# Your task
The entries must be set down again word for word; no pictures belong in the copy.

(Stored entries)
---

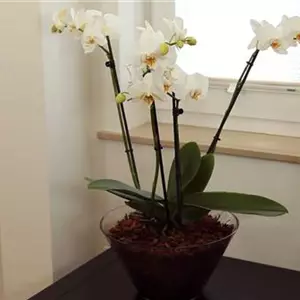 Orchidee - Einpflanzen in ein Gefäß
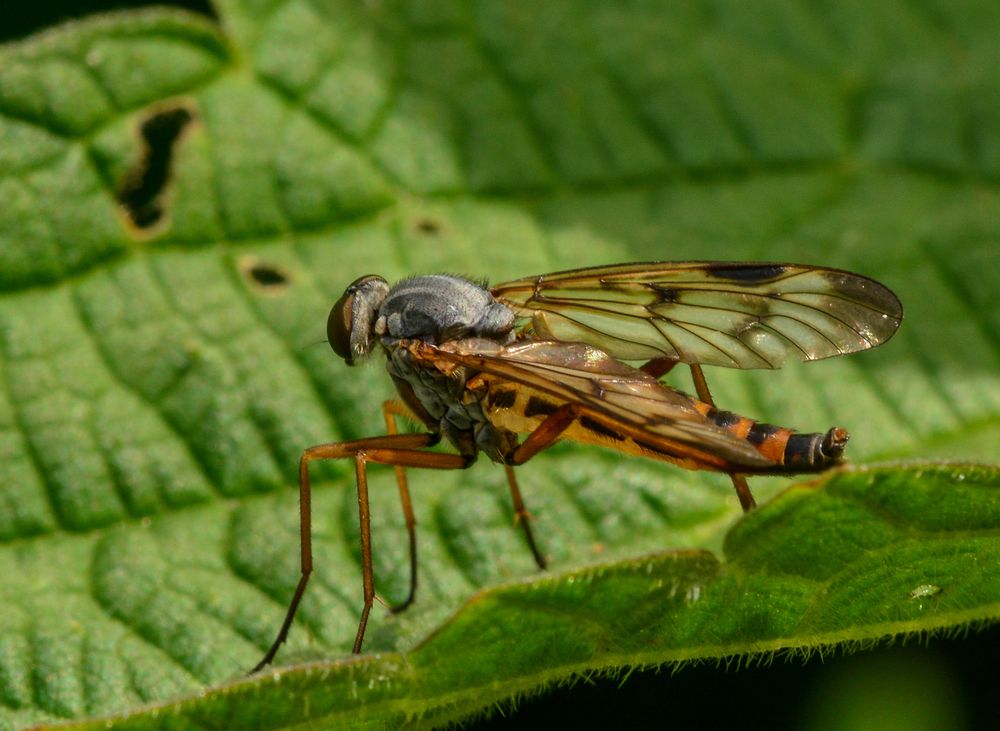 Rhagio scolopaceus (Gemeine Schnepfenfliege) Weibchen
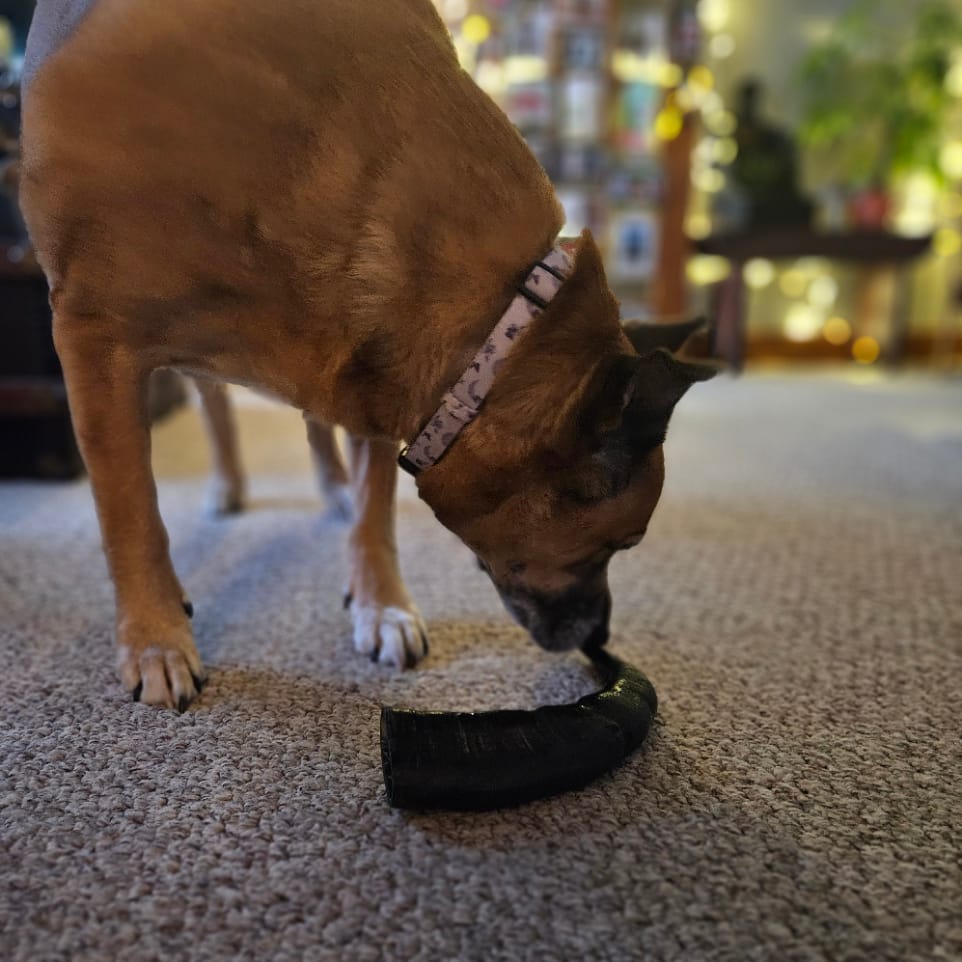 Customer photo review of Large Water Buffalo Dog Chew (55+ LBS).     (1-chew)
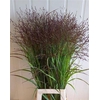 Panicum virgatum 'Warrior'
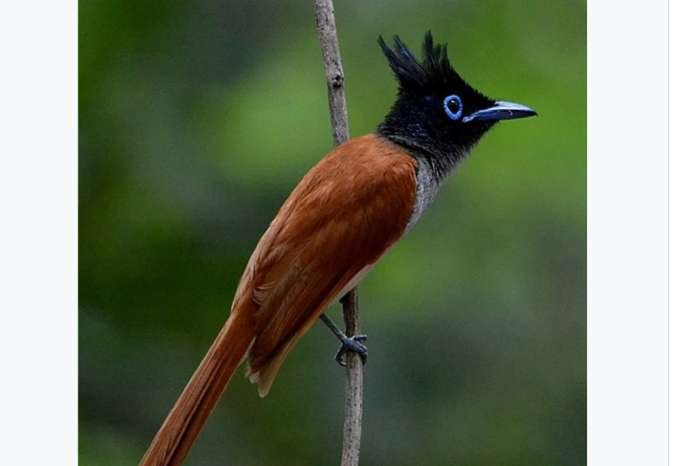 paradise flycatcher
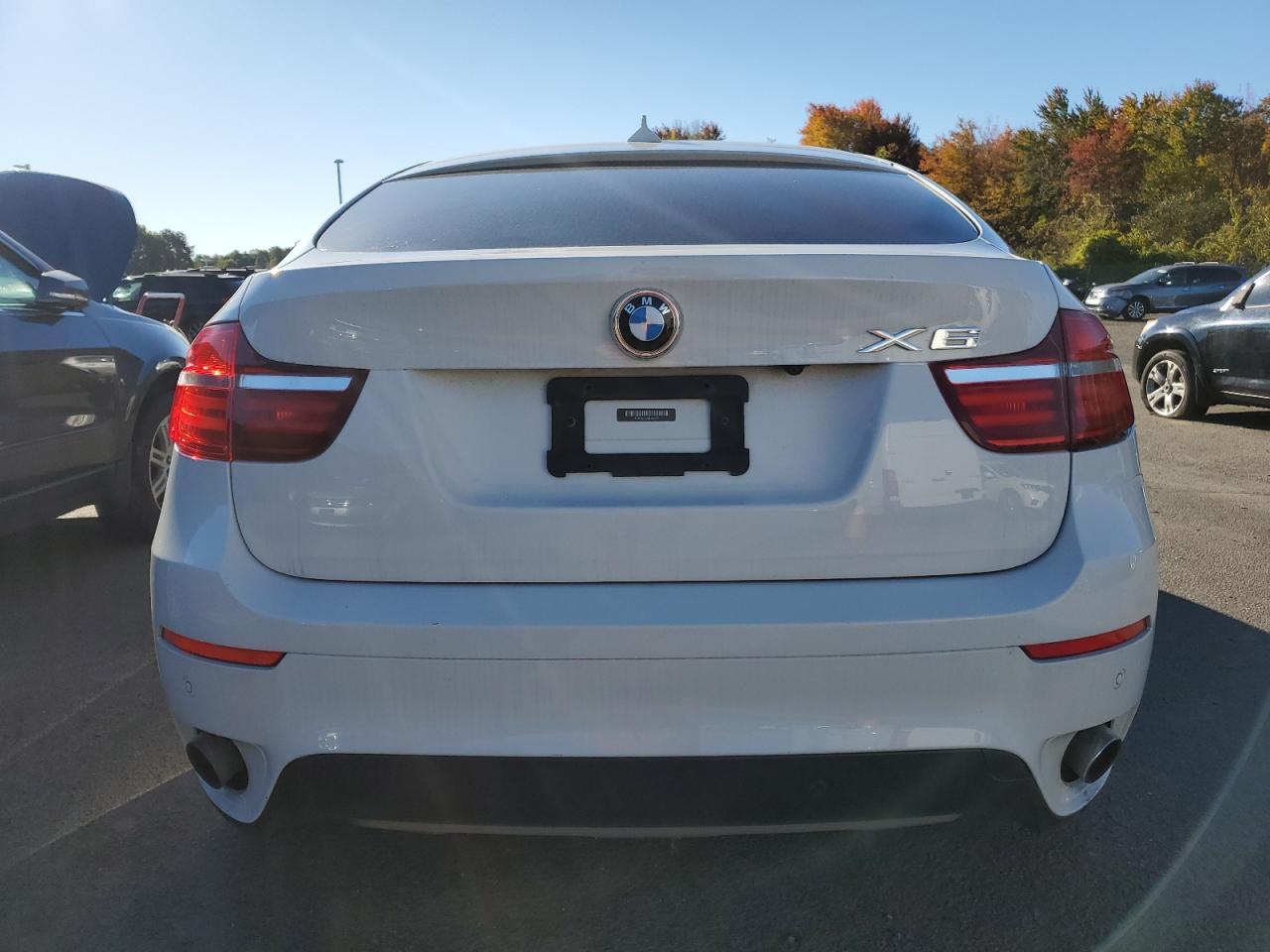 2013 BMW X6 xDrive35I - Фото 6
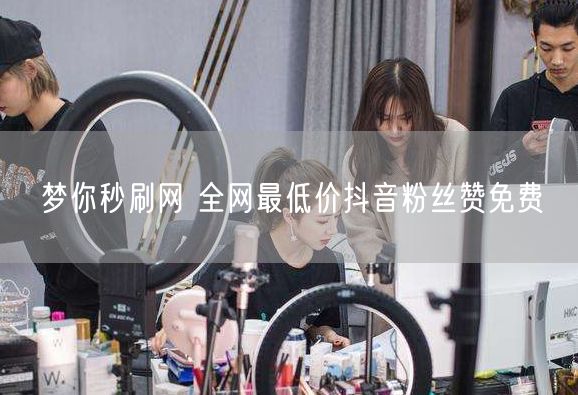 梦你秒刷网 全网最低价抖音粉丝赞免费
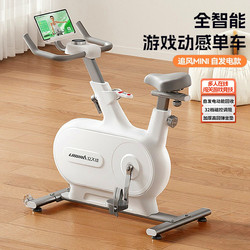 Lijiu Jia Self-Powered Exercise Bike, Indoor Small Fitness Bike for Weight Loss, Home Model Chui Feng Mini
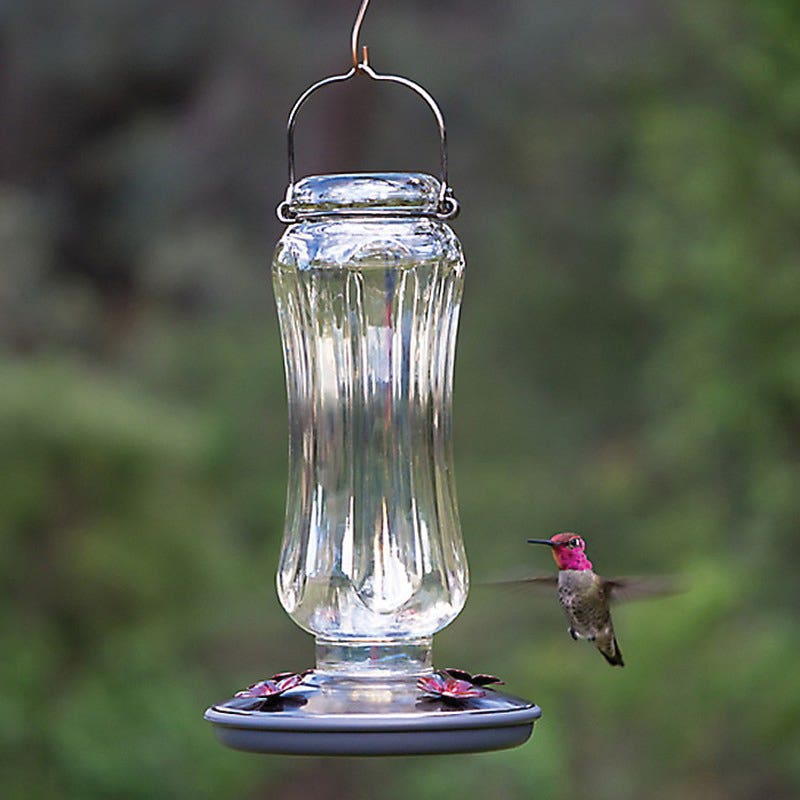 Perky-Pet Bird Feeder, 16 oz, 4-Port/Perch, Glass, Clear, 12 in H, Hanging Mounting
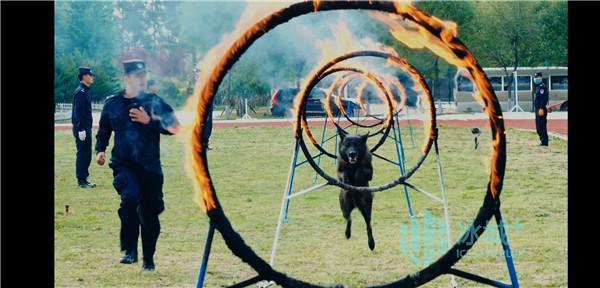 警犬中国品种_中国的警犬第一名_警犬中国达人秀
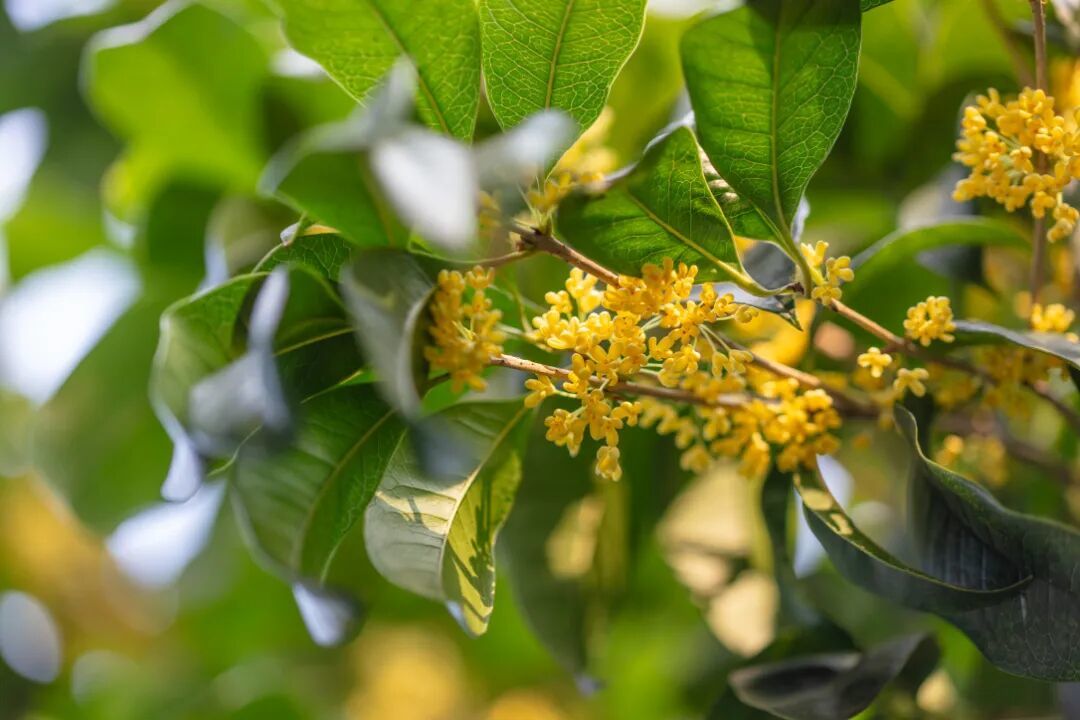 摄图网_702201248_秋日金桂飘香_(企业商用).jpg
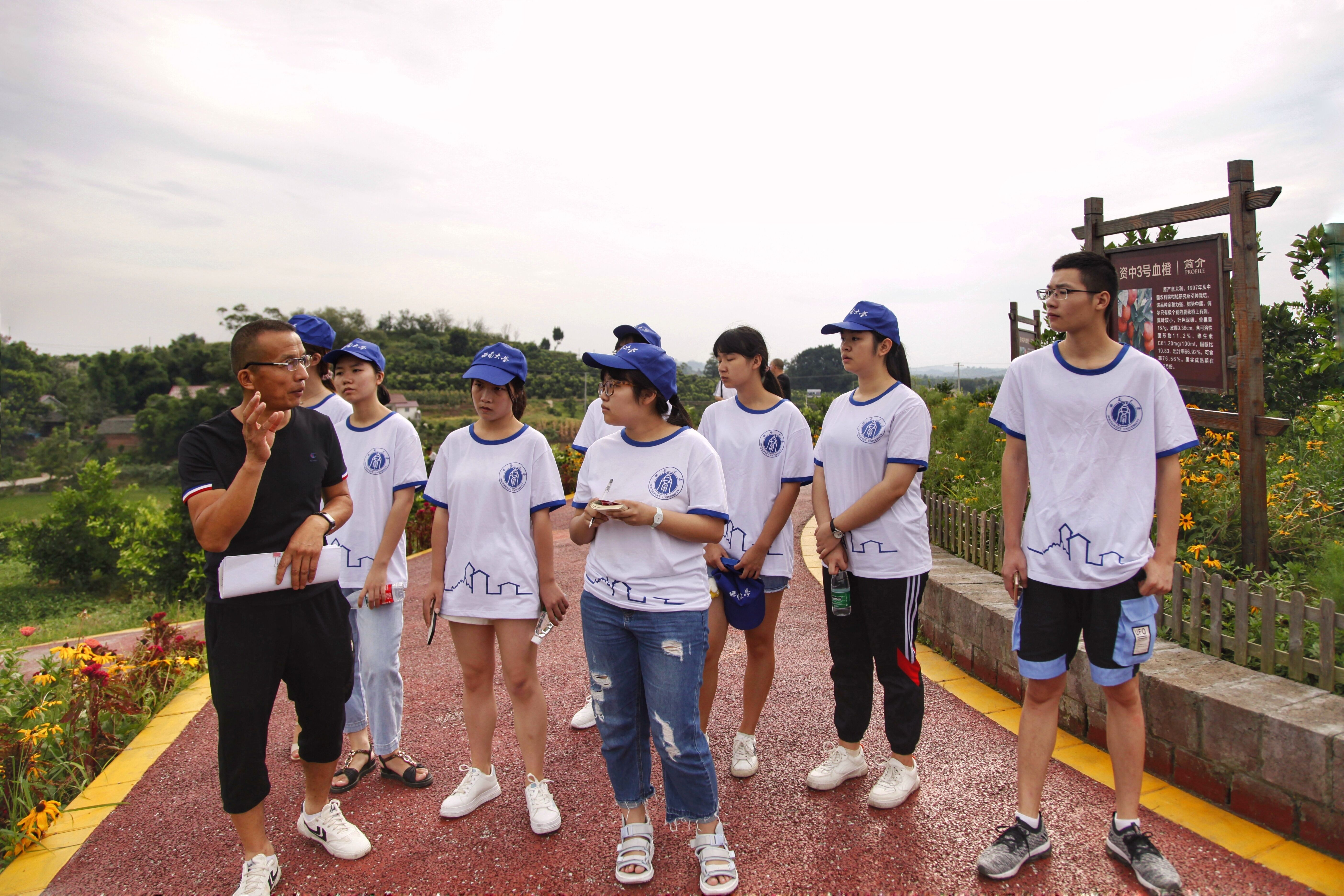 1.jpg PA视讯官网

---

# Result of this task
 Orchidee - Einpflanzen in ein Gefäß
 Rhagio scolopaceus (Gemeine Schnepfenfliege) Weibchen
 Customer photo review of Large Water Buffalo Dog Chew (55+ LBS).     (1-chew)
 Panicum virgatum 'Warrior'
 paradise flycatcher
 2013 BMW X6 xDrive35I - Фото 6
 梦你秒刷网 全网最低价抖音粉丝赞免费
 Lijiu Jia Self-Powered Exercise Bike, Indoor Small Fitness Bike for Weight Loss, Home Model Chui Feng Mini
 Perky-Pet Bird Feeder, 16 oz, 4-Port/Perch, Glass, Clear, 12 in H, Hanging Mounting
 警犬中国品种_中国的警犬第一名_警犬中国达人秀
 摄图网_702201248_秋日金桂飘香_(企业商用).jpg
 1.jpg PA视讯官网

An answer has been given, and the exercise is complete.